↓↓↓

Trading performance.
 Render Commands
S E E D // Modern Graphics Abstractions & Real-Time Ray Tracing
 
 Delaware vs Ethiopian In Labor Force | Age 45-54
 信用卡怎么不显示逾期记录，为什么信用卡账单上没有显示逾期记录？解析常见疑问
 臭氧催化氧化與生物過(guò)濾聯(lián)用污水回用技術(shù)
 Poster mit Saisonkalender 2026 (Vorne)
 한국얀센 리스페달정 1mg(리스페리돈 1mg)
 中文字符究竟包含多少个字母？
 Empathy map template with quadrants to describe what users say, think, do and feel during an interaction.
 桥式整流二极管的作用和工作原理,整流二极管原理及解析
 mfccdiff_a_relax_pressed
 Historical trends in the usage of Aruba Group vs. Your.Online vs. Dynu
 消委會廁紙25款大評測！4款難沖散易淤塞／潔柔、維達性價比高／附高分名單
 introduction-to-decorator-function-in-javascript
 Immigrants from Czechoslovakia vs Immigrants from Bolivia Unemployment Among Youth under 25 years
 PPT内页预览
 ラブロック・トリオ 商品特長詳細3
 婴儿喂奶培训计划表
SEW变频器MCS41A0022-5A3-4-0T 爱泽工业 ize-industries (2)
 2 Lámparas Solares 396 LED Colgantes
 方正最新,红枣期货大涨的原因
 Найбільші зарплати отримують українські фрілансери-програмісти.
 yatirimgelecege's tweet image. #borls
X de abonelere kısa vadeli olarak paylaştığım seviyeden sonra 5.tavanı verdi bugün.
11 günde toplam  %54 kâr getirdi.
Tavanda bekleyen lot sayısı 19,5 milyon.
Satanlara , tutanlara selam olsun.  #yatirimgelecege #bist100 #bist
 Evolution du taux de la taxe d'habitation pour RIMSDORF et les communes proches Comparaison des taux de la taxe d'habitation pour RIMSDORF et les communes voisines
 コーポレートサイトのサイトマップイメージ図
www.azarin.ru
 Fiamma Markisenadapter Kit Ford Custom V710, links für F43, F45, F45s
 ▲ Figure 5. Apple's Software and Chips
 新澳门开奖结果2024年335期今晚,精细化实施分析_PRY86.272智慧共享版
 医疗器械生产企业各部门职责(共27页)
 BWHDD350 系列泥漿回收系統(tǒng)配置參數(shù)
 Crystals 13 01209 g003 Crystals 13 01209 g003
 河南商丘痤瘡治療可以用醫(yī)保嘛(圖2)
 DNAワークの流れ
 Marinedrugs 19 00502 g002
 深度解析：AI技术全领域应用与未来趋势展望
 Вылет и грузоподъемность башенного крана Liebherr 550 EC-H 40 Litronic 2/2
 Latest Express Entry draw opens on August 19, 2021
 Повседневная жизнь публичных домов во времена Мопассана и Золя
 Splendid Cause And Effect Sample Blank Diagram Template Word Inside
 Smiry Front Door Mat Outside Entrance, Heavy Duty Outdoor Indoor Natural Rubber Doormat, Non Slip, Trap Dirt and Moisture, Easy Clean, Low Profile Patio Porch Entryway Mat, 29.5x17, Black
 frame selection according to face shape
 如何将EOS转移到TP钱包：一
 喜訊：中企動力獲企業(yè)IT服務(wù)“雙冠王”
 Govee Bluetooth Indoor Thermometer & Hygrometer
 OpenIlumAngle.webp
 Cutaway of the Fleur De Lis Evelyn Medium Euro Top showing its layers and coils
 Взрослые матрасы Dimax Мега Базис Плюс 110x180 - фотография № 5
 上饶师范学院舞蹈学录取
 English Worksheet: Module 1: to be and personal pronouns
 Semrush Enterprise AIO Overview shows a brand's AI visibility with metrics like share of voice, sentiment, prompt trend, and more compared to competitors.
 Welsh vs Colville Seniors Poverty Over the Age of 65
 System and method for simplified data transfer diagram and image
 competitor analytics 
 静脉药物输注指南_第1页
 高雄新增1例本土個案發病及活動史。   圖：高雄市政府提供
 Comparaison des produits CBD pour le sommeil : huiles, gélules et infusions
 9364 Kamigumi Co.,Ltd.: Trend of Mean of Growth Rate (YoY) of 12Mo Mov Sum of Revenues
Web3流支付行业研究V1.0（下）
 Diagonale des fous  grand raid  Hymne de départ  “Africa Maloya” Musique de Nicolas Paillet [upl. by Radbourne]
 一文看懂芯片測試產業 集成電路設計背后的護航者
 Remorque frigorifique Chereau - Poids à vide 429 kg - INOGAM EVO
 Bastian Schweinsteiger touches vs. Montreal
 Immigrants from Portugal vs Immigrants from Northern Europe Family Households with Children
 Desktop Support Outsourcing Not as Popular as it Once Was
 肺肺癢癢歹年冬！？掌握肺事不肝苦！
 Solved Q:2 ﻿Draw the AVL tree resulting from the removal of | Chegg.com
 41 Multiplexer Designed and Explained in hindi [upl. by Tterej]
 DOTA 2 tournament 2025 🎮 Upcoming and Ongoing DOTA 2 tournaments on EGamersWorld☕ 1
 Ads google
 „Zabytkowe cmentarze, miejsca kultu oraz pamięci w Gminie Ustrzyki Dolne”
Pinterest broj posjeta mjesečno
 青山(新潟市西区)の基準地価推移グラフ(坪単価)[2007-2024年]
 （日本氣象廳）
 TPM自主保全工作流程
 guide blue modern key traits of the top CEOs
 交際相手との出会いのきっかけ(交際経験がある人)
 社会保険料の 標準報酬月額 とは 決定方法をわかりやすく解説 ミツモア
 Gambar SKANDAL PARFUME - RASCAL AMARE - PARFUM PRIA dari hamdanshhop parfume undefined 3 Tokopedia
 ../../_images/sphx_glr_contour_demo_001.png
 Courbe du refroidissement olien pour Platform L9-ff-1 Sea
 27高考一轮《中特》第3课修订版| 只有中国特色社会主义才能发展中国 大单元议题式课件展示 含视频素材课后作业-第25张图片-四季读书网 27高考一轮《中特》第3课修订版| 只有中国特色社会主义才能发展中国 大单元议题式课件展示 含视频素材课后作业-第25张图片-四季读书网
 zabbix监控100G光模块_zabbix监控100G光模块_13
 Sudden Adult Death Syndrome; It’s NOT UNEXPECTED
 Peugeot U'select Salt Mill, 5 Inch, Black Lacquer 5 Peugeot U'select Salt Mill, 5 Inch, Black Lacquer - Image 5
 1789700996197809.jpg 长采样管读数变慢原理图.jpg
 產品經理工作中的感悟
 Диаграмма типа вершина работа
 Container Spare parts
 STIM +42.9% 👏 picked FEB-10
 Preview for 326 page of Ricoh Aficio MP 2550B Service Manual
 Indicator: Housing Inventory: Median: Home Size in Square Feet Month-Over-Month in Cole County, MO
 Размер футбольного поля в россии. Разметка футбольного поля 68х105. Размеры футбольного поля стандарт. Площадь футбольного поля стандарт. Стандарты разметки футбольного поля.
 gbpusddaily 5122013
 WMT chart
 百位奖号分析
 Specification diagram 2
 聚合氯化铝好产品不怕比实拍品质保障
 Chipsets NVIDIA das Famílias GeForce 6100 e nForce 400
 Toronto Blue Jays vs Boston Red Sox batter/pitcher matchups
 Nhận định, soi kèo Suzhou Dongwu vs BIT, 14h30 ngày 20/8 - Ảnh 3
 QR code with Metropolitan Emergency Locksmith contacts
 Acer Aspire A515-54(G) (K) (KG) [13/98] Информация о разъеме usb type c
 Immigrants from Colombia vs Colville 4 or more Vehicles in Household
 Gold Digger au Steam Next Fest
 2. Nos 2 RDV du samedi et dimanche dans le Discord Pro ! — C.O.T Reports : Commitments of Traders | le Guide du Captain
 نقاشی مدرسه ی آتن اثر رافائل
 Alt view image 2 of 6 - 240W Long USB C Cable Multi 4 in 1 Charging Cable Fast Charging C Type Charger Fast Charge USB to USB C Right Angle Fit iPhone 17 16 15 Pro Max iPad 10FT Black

↑↑↑

◆ Task prompt
Only the lines from the one bearing "Acer Aspire A515-54(G)" to the end of the material belong in the answer; set them down verbatim.

◆ Solution
 Acer Aspire A515-54(G) (K) (KG) [13/98] Информация о разъеме usb type c
 Immigrants from Colombia vs Colville 4 or more Vehicles in Household
 Gold Digger au Steam Next Fest
 2. Nos 2 RDV du samedi et dimanche dans le Discord Pro ! — C.O.T Reports : Commitments of Traders | le Guide du Captain
 نقاشی مدرسه ی آتن اثر رافائل
 Alt view image 2 of 6 - 240W Long USB C Cable Multi 4 in 1 Charging Cable Fast Charging C Type Charger Fast Charge USB to USB C Right Angle Fit iPhone 17 16 15 Pro Max iPad 10FT Black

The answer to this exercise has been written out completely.